Cada 10 de septiembre se conmemora el Día Mundial para la Prevención del Suicidio, una jornada impulsada por la Asociación Internacional para la Prevención del Suicidio (IASP) junto con la Organización Mundial de la Salud (OMS) que busca visibilizar el sufrimiento emocional, derribar mitos en torno a la temática y promover la detección temprana de conductas de riesgo en los distintos entornos de pertenencia de niños, adolescentes y adultos.
Una problemática de salud pública
Según datos de la OMS, cada año más de 720.000 personas se quitan la vida en el mundo y muchas más realizan intentos, lo que convierte al suicidio en la tercera causa de muerte entre los jóvenes de 15 a 29 años. El tema elegido para el período 2024-2026, «Cambiar la narrativa sobre el suicidio», apunta a derribar el estigma que todavía rodea a la temática y construir una cultura de comprensión y apoyo orientada a la prevención.
En la Argentina, las estadísticas oficiales reflejan una situación que preocupa especialmente en la franja etaria de entre 14 y 25 años. Desde el ámbito sanitario se señaló que factores como el acoso escolar, la violencia digital, el consumo de sustancias y la soledad no deseada influyen de manera directa en el estado de vulnerabilidad emocional de niños y adolescentes.
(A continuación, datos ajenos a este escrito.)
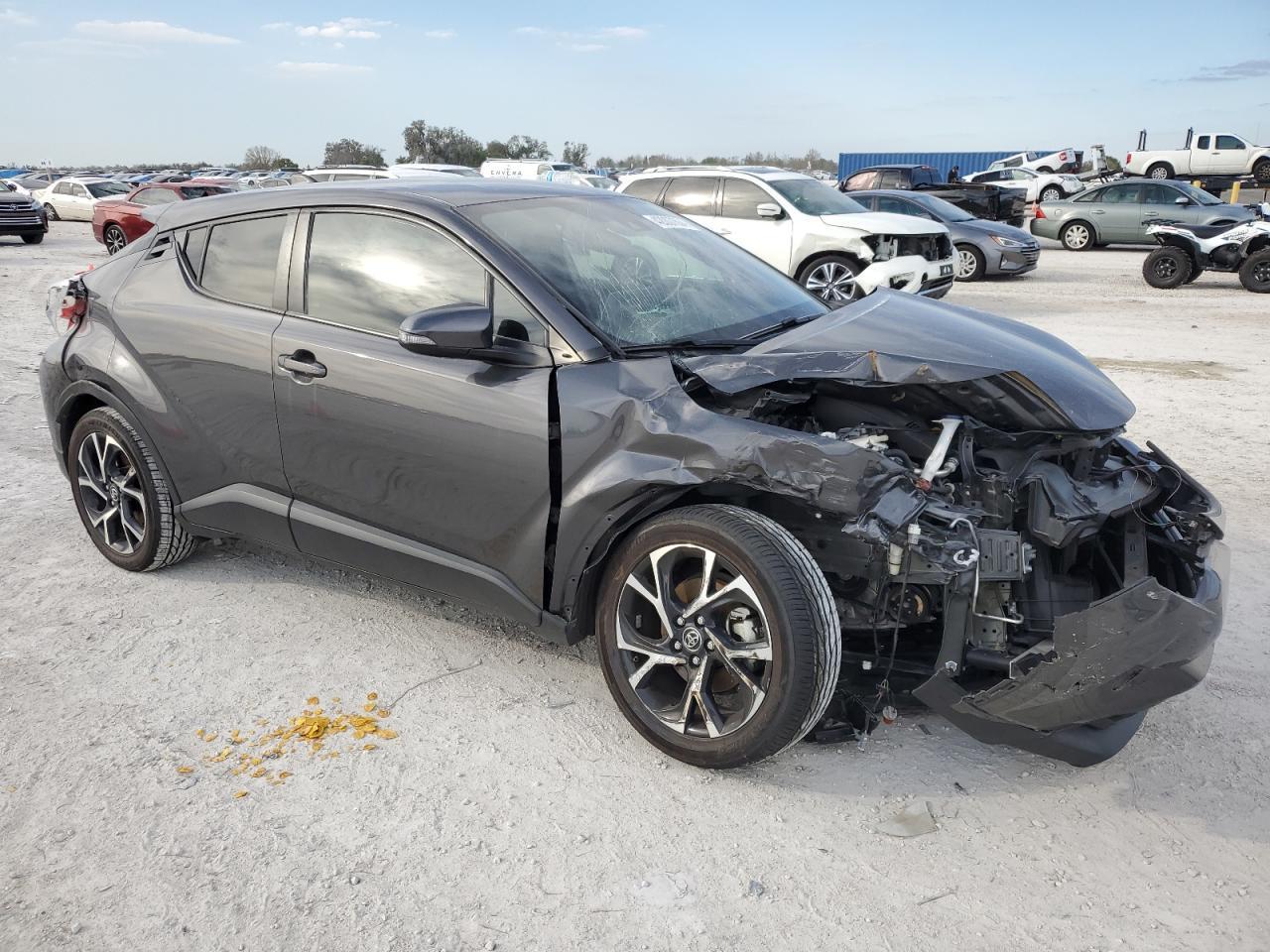 2019 TOYOTA C-HR XLE - Фото 4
Señales de alerta a tener en cuenta
Entre las manifestaciones de vulnerabilidad emocional que suelen anteceder a una situación de riesgo se destacan el aislamiento, la persistencia de pensamientos negativos, la desesperanza, la irritabilidad, el retraimiento y los cambios repentinos en el comportamiento o en los vínculos. A esto se suman otros indicadores en la conducta cotidiana, como alteraciones en el sueño o la alimentación, conductas desafiantes o violentas, el consumo de alcohol o drogas, el abandono del cuidado personal, el deterioro del rendimiento escolar o laboral, o momentos de hiperactividad inusual utilizados como mecanismo de evasión.
Especialistas coinciden en que se trata de una problemática que puede afectar a cualquier persona, sin importar su edad o contexto social, aunque señalan ciertos factores asociados a un mayor riesgo, entre ellos antecedentes de intentos previos, trastornos de salud mental, consumo problemático de sustancias, situaciones de violencia o abuso, atravesar contextos de estrés significativo o el acceso a medios letales en el hogar. También remarcan que quienes atraviesan pensamientos suicidas suelen sentir que buscan alejarse de una situación de vida que perciben como imposible de manejar, muchas veces atravesados por sentimientos de vergüenza, culpa o soledad.
Cuando se detecta una ideación o un intento suicida, la respuesta debe ser interdisciplinaria e integral, e involucrar tanto a la familia como al ámbito escolar para construir una red de contención adecuada. En los casos de riesgo agudo, esa respuesta puede incluir una internación terapéutica como medida de protección.
Dónde pedir ayuda en Tandil
A nivel local, el Hospital Municipal Ramón Santamarina cuenta con guardia activa de salud mental, un dispositivo que garantiza la presencia permanente de psicólogos y psiquiatras en el área de emergencias para atender situaciones de crisis. Ante una urgencia, se puede acudir directamente a la guardia del hospital o comunicarse con el número de emergencias del Sistema Integrado de Salud Pública (SISP) al 107. Además, quienes ya se encuentran en tratamiento pueden consultar en los Consultorios Externos de Salud Mental del SISP, que atienden a adolescentes y adultos de la ciudad.